You may have heard the term “hostile work environment” during your employment training or in a conversation with your supervisor or co-workers. However, the definitions that entail a hostile environment at work may seem vague if they haven’t been properly explained. Will Minnesota law protect you if you’re a victim of such an environment? What exactly defines a hostile working environment?
This type of work climate often goes beyond mild joking around or a co-worker who makes you feel uncomfortable, although those can also certainly apply. According to the U.S. Equal Employment Opportunity Commission, a hostile working environment can include one or more of the following situations:
- Jokes, insults or mockery of a sexual, racial, religious or otherwise offensive nature.

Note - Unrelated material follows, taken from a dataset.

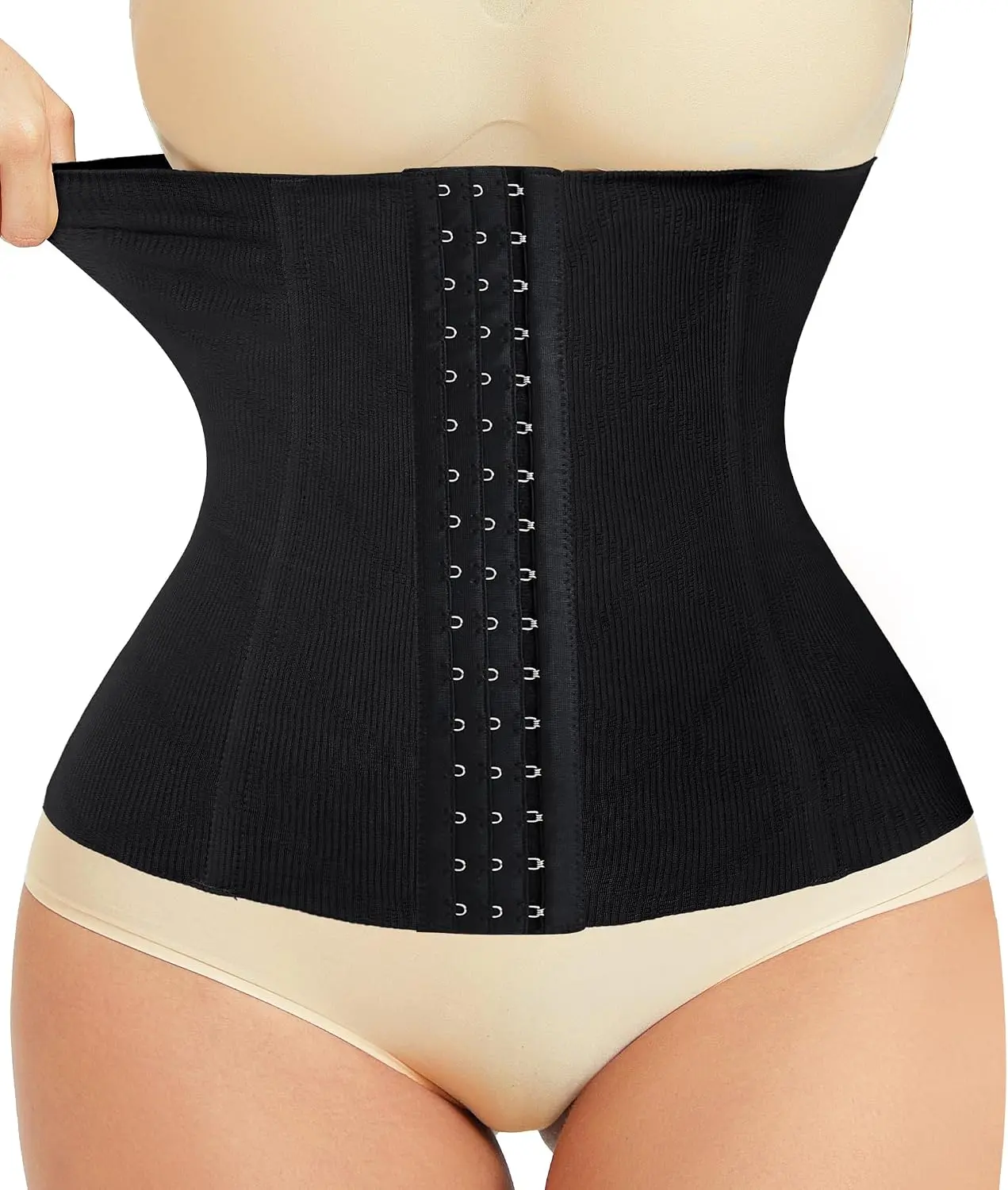 Women’s Waist Trainer Corset, Adjustable Tummy Control Shapewear with 3-Row Hooks, Waist Cincher with Flexible Support Compression Fit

- Threats, physical assaults or unwanted touching.
- Offensive pictures or objects displayed in the workplace.
- Situations in which tolerating the offensive behavior or environment is a condition of continued employment.

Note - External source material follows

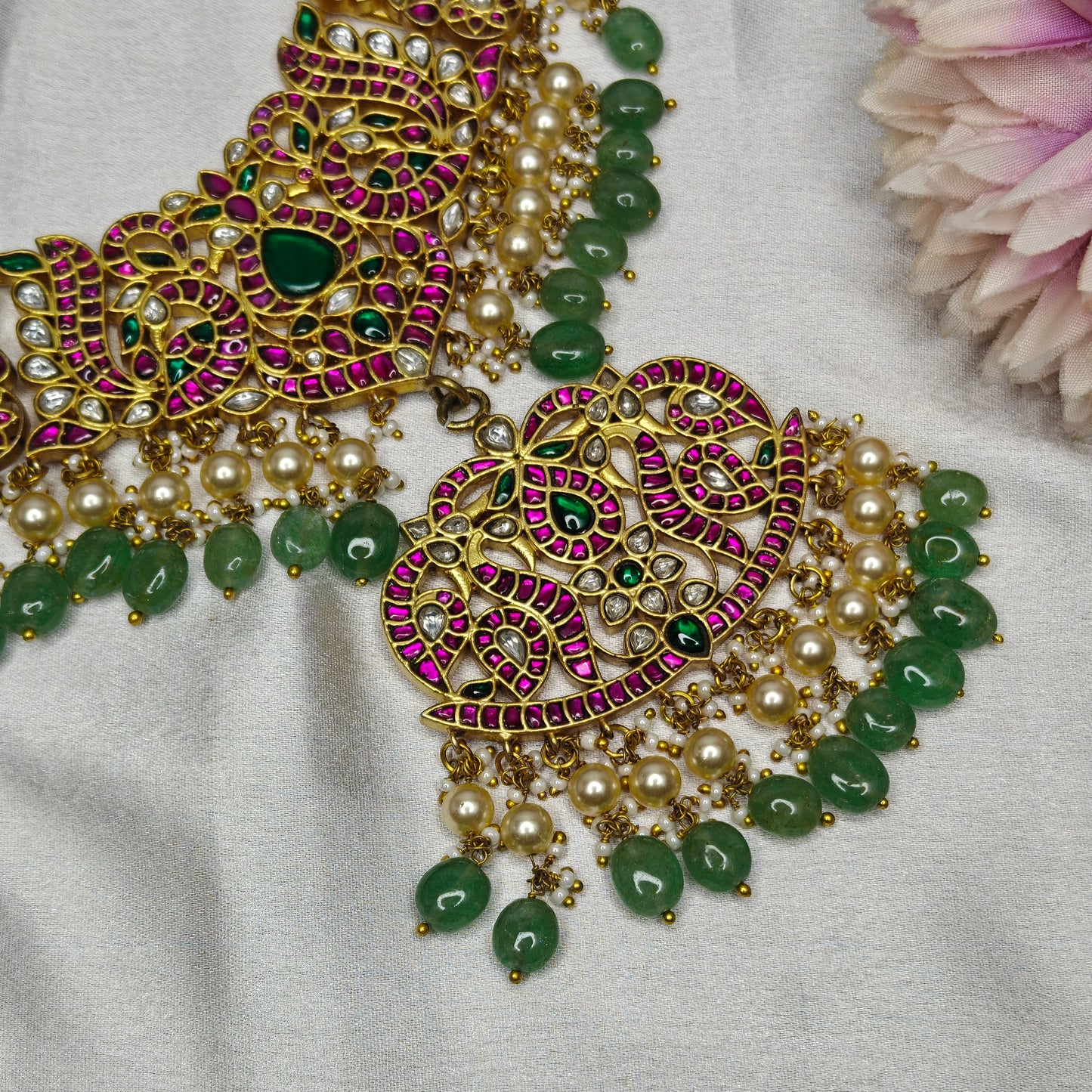40340 Jadau Peacock Big Locket Necklace Set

Typically, a hostile work environment can interfere with your work performance or create a situation in which reporting to work makes you feel uncomfortable, intimidated or harassed. The person doing the harassing can be your supervisor, a supervisor in another area, a co-worker, a non-employee or an agent of your employer. You may not actively be the one being harassed, but you can also be a victim if the behavior negatively affects your job.
Hostile working environments can potentially violate the Civil Rights Act of 1964, the Age Discrimination in Employment Act of 1967 and the Americans with Disabilities Act of 1990. All Minnesota employees deserve the right to work in an environment that is not hostile or offensive.